Not sure I truly understand what you're meaning with this statement Pat....expand?

At 14:01 2009-01-22, Pat Naughtin wrote:
8 Last, but not least, almost all length measuring is done using the metric inch (of exactly 25.4 millimetres), the metric foot (of exactly 304.8 millimetres) and the metric mile (of exactly 1609.344 metres). Meanwhile, almost all mass measurements are carried out using the metric pound (of exactly 453.5924 grams).

Dear Brian,

The length of the metre has never changed; in fact whenever scientific advances make it possible to better define the metre, its length remains the same but the precision with which it is measured is improved. In contrast, the length of the inch has changed from time to time and from place to place. Basically whenever the inch, or the foot, or the yard has been redefined the lengths of all of these have varied.
The history of the inch

In old traditional measuring systems, some lengths were based on the human body. For example, the width of a male thumb was used as a common small measure in many languages. This obviously varies from person to person so a thumb could never be relied on for accurate or precise measurement.
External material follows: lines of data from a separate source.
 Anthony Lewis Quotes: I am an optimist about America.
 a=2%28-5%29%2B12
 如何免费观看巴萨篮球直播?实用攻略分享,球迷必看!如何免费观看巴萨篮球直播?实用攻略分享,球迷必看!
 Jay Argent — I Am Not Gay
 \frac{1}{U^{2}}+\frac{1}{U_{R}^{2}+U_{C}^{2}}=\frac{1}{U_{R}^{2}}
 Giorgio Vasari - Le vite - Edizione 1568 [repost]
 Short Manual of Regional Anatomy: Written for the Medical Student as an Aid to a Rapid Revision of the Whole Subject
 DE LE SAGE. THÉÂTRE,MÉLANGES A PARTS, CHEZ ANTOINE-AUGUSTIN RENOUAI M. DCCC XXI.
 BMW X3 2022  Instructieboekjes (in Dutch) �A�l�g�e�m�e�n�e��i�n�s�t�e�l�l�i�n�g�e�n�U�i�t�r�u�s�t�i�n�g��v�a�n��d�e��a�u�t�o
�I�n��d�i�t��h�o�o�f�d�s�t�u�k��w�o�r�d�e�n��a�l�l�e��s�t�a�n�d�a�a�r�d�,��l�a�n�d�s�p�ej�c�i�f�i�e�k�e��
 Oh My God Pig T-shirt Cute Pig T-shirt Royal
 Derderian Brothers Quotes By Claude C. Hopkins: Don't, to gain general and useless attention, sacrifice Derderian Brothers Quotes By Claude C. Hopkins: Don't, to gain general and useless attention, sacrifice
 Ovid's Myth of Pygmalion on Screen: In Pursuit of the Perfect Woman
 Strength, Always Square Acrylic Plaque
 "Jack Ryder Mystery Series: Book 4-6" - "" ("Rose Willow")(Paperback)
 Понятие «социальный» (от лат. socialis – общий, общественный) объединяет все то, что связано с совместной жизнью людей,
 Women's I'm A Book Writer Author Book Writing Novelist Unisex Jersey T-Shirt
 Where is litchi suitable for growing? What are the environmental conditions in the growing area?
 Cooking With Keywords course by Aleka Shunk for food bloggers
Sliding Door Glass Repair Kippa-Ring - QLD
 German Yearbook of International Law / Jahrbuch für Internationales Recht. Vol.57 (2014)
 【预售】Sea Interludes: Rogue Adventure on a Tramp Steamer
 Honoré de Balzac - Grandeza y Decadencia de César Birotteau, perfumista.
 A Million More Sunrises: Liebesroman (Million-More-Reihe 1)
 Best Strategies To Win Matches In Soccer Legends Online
In England they chose to use the word ynce instead of the word thumb for this small distance and the convenient way to do approximate measuring with it. The word ynce came from a Latin word for a twelfth and the Roman invaders and occupiers of England commonly used twelfths to divide their feet into 12 parts and their pounds into 12 ounces. The words, inch and ounce, both derive from the Latin word for a twelfth.

1066

In England (before the Norman conquest of 1066), short distances seem to have been measured in several ways. The inch (ynce) was defined to be the length of 3 barleycorns. Later the spelling of ynce changed to inch.

1100

It appears that during the reign of Henry I (1069/1135) the foot again became the official standard for measuring length rather than using the barleycorn definition. The inch was defined as 1/12 of a foot.

1215

After the Magna Carta was signed, the English Parliament ordered the construction of the first set of physical standards for length mass and volume. These have been lost but it is thought that the inch was the foundation of the other measures. The inch was defined as the length of three barleycorns and both the foot and the yard were established on the basis of the ynce, the foot being 36 barleycorns and the yard 108 barleycorns.

1280

King Edward I of England ordered a permanent measuring stick made of iron to serve as a master standard for the entire kingdom. This was called the 'iron ulna' and a rumour soon spread that it was the length of the king's arm. He also decreed that a foot measure should be one- third the length of the iron ulna, and that the inch be one thirty- sixth of the iron ulna.

1324

King Edward II passed a law that 'three barleycorns, round and dry' make an inch going back to the old barleycorn definition.

1505

King Henry VII (1485-1509) probably obtained a new standard yard by basing it on a direct copy of the old standard 'iron ulna' of King Edward I. By now the word yard had replaced the word ulna.

1588

Queen Elizabeth I issued a new standard yard. This remained the legal British yard until 1824, when an Act of Parliament superseded it with a new yard.

1707

At the Act of Union between England and Scotland, English inches were superimposed on Scottish inches but both continued to be used alongside each other. There were also different inches in Ireland and Wales.

1742

The Royal Society commissioned a new yard to be based on the earlier standard of Elizabeth I. This was the yard that became the basis for the new yard in 1824.

1824

The Weights and Measurements Act introduced 'Imperial measures' with the idea of a brass bar that could be preserved in the office of the Exchequer and that this bar could be the prototype for copies to be sent to various cities in England, Ireland, Scotland, and Wales. The brass bar they chose to be the standard had been made in 1760 at the instigation of the Royal Society. This brass bar had two gold buttons with a fine engraved dot near each end. The distance between the two engraved dots was defined as the new Imperial yard.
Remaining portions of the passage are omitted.